Storing Lumber for Your New Post Frame Building
Ideally, use lumber promptly. Otherwise store in a cool, dry location, avoiding direct sunlight and preferably indoors where humidity variations will be minimal.
Unlike green lumber, keep kiln or air-dried lumber away from moisture, otherwise product may lose value added by careful seasoning. Dry lumber if saturated with water, such as from rain, melting snow or contact with wet ground, can lose dimensional stability, warp and otherwise deteriorate. Lumber exposed to alternate wetting and drying will check, split, warp and discolor.
If stored outdoors, keep dried lumber off the ground and protected by paper, wrapping, tarpaulins, or canvas. Paper wrapping offers short-term protection and, if torn, repair immediately. Dilapidated wrapping holding rainwater may increase moisture regain more than if lumber had no protection.
Why use dry lumber?

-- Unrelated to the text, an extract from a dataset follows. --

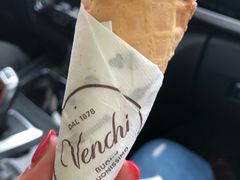 -VENCHI 闻绮(上海佛罗伦萨小镇店)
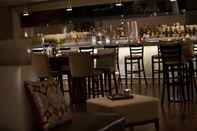 Bar, Cafe and Lounge Renaissance Newark Airport Hotel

Lumber grade stamped at a 19% or less moisture content is termed “dry lumber”. Dry lumber is relatively dimensionally stable – meaning shrinkage probability is negligible. University research studies have shown an 8’ long 2×4 will lose approximately 1” in length, when naturally drying. Drying lumber also reduces chances mold or other fungi will attack wood. “Green” (20% or higher moisture content – not color) lumber is prone to warp, cup and split as part of natural drying process. Holding power of nails driven into green wood drying in place drops substantially over time.
Read more about dry vs. green lumber here: https://www.hansenpolebuildings.com/2011/09/499green-lumber-vs-dry-lumber/
Air flow is the most important factor in outside lumber storage. Allow large air volumes to circulate freely around stacked lumber in order to evaporate moisture from lumber. Provide an open storage area with no trees or buildings blocking air flow. Remove weeds, grasses and other vegetation around lumber as they harbor insects and fungal spores.
Good water drainage in storage area is important. Standing water adds to humidity increasing mold and stain possibilities on lumber.
When stacking lumber on stickers (also known as dunnage), place stickers in perfect vertical alignment with one another. Otherwise, sagging will occur. Solid stacked lumber is often stored in packaged units bound with tie straps (or banding) for easier handling. Separate stacked units by spacers, usually at least 4”, and aligned with lower stickers to prevent sagging.
Storing lumber under a roof offers better protection by keeping material dry and bright.
Lumber, especially pressure preservative treated, is particularly susceptible to warping and twisting while curing. These materials are best incorporated into the new building as quickly as possible. In the event lumber will not be used immediately, keep bound tightly.
Bands placed by lumber company will rarely be adequate to maintain dimensional stability. Tight chains or cable restraints around lumber at frequent intervals, tightened as material dries, may help. Even these measures may be inadequate to prevent lumber warp, twist and bow.
In any case, prior to installation in the new building, protect pressure treated lumber from direct sunlight and rain.